Gil Scott-Heron: And now, for a fascinating and demanding dialogue…

GIL SCOTT-HERON aims to be a catalyst. Not a leader of revolutions, but an insistent elbow in the ribs, nudging people off their fence to bring them a little bit closer to the essence of their problems. He likes that word essence; uses it a lot.

He uses all words a lot. They are his stock in trade. He’s not loud or dramatic, but he’s sure of himself and sure of what needs saying and sure as hell not afraid to say it.

A conversation with Gil is a fascinating if demanding dialogue. Nothing’s thrown away. He’s attentive and analytical of everything you say and waits patiently ’til you’ve said your piece before delivering his verdict. So you bet he’ll take you seriously.

He takes himself seriously too. Or perhaps not himself, that’s too heavy. Shall we say he’s serious about what he says. There’s too much that needs saying to waste words.

When we finished the interview he looked me straight in the eye and told me: “When you play the tape back you’ll find out as much about yourself as about me.” He was right too. I hadn’t realised it at the time but I’d been quietly but firmly lectured.

It was my cynicism that provoked the rebuke. We were coming to the end of several hours of intermittent togetherness when we hit the core of his agony – America. He told it thus:

“America already has the machinery to deal with the problems that I discuss, but The Hundred Families, the two per cent who have most of the money in America, control the political system to make it operate in ways that are beneficial to them and not to the other 98 percent.

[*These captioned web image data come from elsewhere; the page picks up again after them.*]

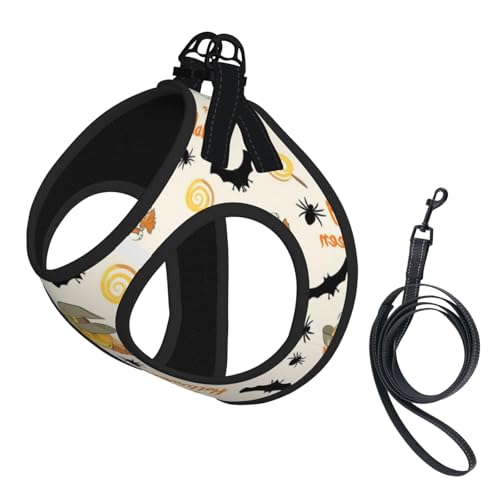 Verstellbares Geschirr für Katzen und Hunde, Halloween-Kürbis- und Eulen-Druck, weich, atmungsaktiv, Kätzchen-Welpen-Netzweste mit reflektierendem Design, ausbruchsichere Leine für kleine Haustiere Verstellbares Geschirr für Katzen und Hunde, Halloween-Kürbis- und Eulen-Druck, weich, atmungsaktiv, Kätzchen-Welpen-Netzweste mit reflektierendem Design, ausbruchsichere Leine für kleine Haustiere von LMNvbz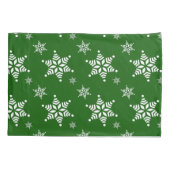スノーフレーク・パターン、白い雪、雪、緑 枕カバー (裏面)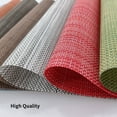 thumbnail image 3 of Placemats, Woven Cross Weave Placemat for Dining Table, PVC Vinyl Kitchen Mat, Set of 4, 12x18 Inches, Dark Grey, 3 of 7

“So primarily using the constitution of the United States as the basis of where I’m coming from, which indicates that there should be justice, liberty, and equality for each and every citizen, we try to focus the attention of the people on the inequities that exist within that document.

“The thing we’d most like to do is make America live up to all of its advanced publicity, so that it becomes the democracy and the multi-racial society it has always boasted to the world about.”

Ah, says I, very laudable. But when you oust the two per cent, don’t you think you’ll get another minority from within the 98 per cent that will take control of the cream? Silly question really; I might have known that brick walls are only there to be knocked down by Gil’s perseverance.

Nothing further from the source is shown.